[HN Gopher] Stdio(3) change: FILE is now opaque (OpenBSD)
___________________________________________________________________
Stdio(3) change: FILE is now opaque (OpenBSD)
Author : gslin
Score : 80 points
Date : 2025-07-20 18:18 UTC (4 hours ago)
(HTM) web link (undeadly.org)
(TXT) w3m dump (undeadly.org)
| abnercoimbre wrote:
| Can someone elaborate?
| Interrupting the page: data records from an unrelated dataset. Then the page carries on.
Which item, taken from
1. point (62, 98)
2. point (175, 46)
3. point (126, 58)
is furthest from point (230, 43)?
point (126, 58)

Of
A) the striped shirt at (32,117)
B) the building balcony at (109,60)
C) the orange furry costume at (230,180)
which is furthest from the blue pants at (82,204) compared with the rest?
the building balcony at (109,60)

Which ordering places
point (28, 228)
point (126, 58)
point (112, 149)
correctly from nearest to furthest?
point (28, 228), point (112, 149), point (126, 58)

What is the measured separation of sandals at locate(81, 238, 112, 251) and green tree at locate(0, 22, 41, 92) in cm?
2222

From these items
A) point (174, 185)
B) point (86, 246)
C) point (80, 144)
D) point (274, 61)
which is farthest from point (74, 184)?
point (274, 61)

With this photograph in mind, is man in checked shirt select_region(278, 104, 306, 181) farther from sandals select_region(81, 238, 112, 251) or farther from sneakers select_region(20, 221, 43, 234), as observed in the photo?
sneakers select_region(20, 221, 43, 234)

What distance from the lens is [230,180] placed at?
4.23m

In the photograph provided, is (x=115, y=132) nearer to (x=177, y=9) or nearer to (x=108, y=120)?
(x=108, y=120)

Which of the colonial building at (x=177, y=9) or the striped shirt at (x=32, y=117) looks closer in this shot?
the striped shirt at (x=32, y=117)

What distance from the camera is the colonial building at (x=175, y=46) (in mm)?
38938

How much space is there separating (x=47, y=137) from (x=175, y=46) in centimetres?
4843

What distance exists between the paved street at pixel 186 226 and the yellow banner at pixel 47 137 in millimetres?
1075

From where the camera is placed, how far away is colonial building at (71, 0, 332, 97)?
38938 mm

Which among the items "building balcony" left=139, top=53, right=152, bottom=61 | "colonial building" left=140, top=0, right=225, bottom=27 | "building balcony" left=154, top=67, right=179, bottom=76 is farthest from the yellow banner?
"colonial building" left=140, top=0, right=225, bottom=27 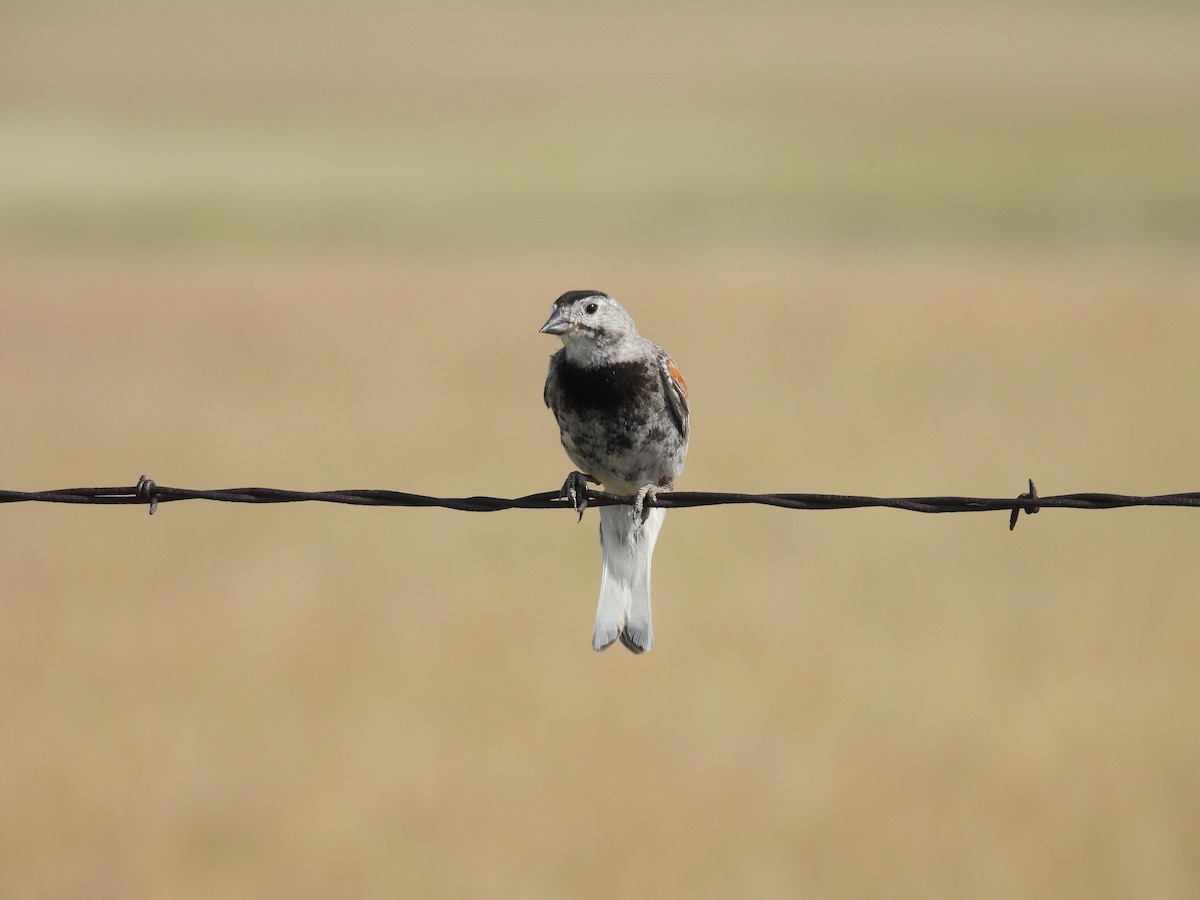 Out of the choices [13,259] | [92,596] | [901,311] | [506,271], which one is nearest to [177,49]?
[13,259]

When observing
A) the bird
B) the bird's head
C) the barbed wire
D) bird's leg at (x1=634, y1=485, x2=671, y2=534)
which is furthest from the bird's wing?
the barbed wire

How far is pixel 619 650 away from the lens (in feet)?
48.5

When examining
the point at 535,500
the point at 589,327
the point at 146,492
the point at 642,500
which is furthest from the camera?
the point at 589,327

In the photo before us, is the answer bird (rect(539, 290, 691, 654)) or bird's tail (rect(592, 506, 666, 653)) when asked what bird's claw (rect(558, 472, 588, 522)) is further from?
bird's tail (rect(592, 506, 666, 653))

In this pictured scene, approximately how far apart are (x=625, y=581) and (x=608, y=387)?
0.97 m

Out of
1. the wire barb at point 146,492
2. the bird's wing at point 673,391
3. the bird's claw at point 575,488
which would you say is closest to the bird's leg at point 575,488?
the bird's claw at point 575,488

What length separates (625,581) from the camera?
22.6 ft

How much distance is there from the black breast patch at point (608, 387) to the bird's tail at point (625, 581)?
64 centimetres

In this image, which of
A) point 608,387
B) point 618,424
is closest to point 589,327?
point 608,387

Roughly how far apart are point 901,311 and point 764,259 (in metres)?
9.78

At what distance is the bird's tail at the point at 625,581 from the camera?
6.71m

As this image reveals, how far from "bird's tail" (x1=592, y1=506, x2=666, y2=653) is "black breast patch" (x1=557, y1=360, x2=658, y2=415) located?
0.64 m

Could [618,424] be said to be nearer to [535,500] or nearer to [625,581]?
[625,581]

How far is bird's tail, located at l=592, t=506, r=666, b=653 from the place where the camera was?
671 centimetres
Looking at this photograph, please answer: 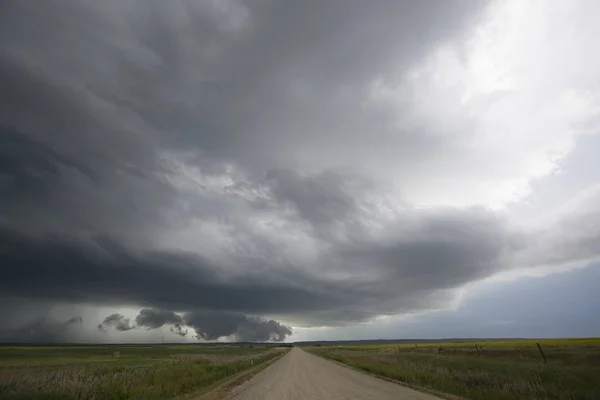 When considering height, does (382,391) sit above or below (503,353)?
below

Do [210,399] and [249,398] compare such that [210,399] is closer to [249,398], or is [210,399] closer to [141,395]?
[249,398]

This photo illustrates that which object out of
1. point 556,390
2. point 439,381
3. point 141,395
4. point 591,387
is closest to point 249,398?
point 141,395

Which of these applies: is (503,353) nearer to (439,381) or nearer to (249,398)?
(439,381)

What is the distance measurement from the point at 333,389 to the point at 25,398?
14.7 metres

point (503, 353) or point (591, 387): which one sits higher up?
point (503, 353)

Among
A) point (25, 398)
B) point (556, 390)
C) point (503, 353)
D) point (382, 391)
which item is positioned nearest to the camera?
point (25, 398)

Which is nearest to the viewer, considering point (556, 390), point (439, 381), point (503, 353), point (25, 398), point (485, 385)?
point (25, 398)

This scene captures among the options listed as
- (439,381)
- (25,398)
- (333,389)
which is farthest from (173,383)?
(439,381)

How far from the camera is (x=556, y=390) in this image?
17859 millimetres

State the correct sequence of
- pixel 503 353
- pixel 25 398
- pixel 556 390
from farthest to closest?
pixel 503 353, pixel 556 390, pixel 25 398

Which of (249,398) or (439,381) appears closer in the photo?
(249,398)

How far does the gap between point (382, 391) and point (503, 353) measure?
31.9m

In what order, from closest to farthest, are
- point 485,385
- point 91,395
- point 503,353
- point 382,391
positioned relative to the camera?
point 91,395, point 382,391, point 485,385, point 503,353

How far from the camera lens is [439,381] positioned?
914 inches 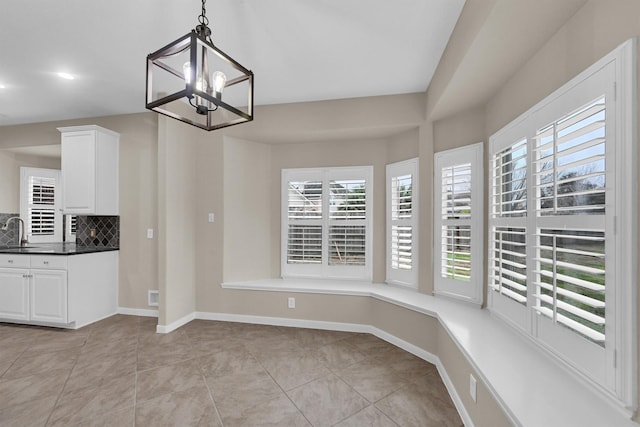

I always treated FILE as opaque, but never
| imagined people could poke into it?
| pjmlp wrote:
| People use reflection for monkey patching and complain when
| using compiled languages less supportive of such approaches.
|
| So it wouldn't surprise me, that a few folks would do some
| tricks with FILE internals.
| recipe19 wrote:
| The standard doesn't specify any serviceable parts, and I don't
| think there are any internals of the struct defined in musl
| libc on Linux (glibc may be a different story). However, on
| OpenBSD, it did seem to have some user-visible bits:
|
| https://github.com/openbsd/src/commit/b7f6c2eb760a2da367dd51...
|
| If you expose it, someone will probably sooner or later use it,
| but probably not in any sane / portable code. On the face of
| it, it doesn't seem like a consequential change, but maybe
| they're mopping up after some vulnerability in that one weird
| package that did touch this.
| fweimer wrote:
| In gnulib, there is code that patches FILE internals for
| various platforms to modify behavior of <stdio.h> functions, or
| implement new functionality.
|
| https://cgit.git.savannah.gnu.org/cgit/gnulib.git/tree/lib/s...
|
| Yes, it's not a good idea to do this. There are more
| questionable pieces in gnulib, like closing stdin/stdout/stderr
| (because fflush and fsync is deemed too slow, and regular close
| reports some errors on NFS on some systems that would otherwise
| go unreported).
| collinfunk wrote:
| Yes, that part of Gnulib has caused some problems previously.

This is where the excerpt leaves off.